Why aren’t these lawyers for DoHA and the TGA being used to target those making false and misleading claims about cancer cures?
Michael Woodhead
Editor
6minutes.com.au
I agree on the need for increased need for regulation of new practitioners but would contend that the AHMAC proposals are not proper, front-end nor targeted and therefore do not think that Rebecca will find them as effective as she wishes.
The AHMAC proposal completely lacks proactive elements for the larger professions (for example the training of counsellors) and does little to amend public confusion as to where to report practitioners.
In NSW the statutory Code of Conduct has failed to protect consumers in most cases, as it is only the most egregious cases are actioned, given the resource constraints.

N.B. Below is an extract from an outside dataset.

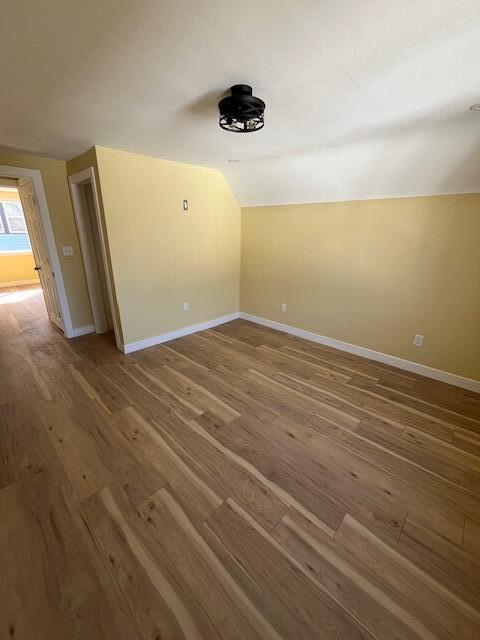 empty room with lofted ceiling, wood finished floors, and baseboards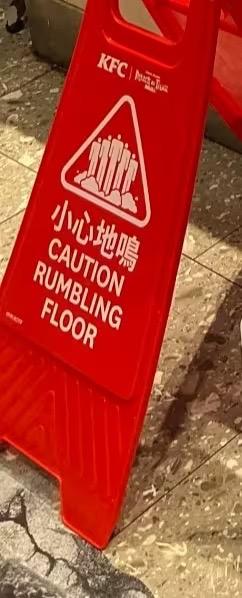 这是一张经过P图改编的KFC门店警示牌照片，原本的“小心地滑”被修改为“小心地鳴”，英文对应改为“CAUTION RUMBLING FLOOR”，放置在带有水渍的地面旁。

It remains to be seen whether the cases she mentioned would be ‘serious’ enough for exploration. If the NSW experience is anything to go by I would not hold out hope. Ditto for ‘mild’ cases of financial exploitation or incompetent misdiagnosis.
Even when the HCCC has taken action then this has not guaranteed protection, as practice rights have been restored and public declarations removed in relation to some practitioners who were acquitted of “legal” wrongdoing, even when grave ethical concerns that would result in de-registration from a professional board remained.
The AHMAC proposal for a statutory Code of Conduct is an excellent catch-all safety net that will offer the public a small increase in protection, but it should never replace real statutory regulation of professions with a large (and increasing) role in Australia. Amongst those professions government reports have consistently recommended regulating are naturopaths and counsellors/psychotherapists.
We were all initially informed in 2009 that as the ‘third stage’ of the introduction of the NRAS AHPRA would review professions that should be included in the national scheme.
However, I fear that the upcoming AHMAC legislation will be used as an excuse to avoid registering new profession under AHPRA, when the changing healthcare landscape in Australia requires a significant expansion of the professions AHPRA regulates. I sincerely hope that AHMAC aren’t trying to pass the buck on this.
The strength of a statutory Code would be its potential comprehensive nature and statutory application with enforceable penalties. A potential weakness is that it is essentially ‘passive’ and has limited capacity for active monitoring and feedback unlike a system of formal registration.
Another weakness is a Code’s limited coverage beyond the activities of practitioners. The regulatory system should capture the responsibility of employers for their directly supervised and employed healthcare practitioners.
The central principle of protecting the public interest remains, and if government is to fulfil its obligations properly, then both operational aspects need to be addressed, albeit there may be different mechanisms involved for an operator to those for an individual.
Government thus carries an underlying obligation to minimise risks in the public interest, not only through the regulation of the individual practitioner, but also through the accreditation, licensing and monitoring of any related entity
that provides direct operational (e.g. clinical) practice support.
There are numerous examples of employers breaching the spirit of a professional practitioner code of conduct and this forms an additional justification for capturing employers and related service providers within the scope of an overall regulatory framework.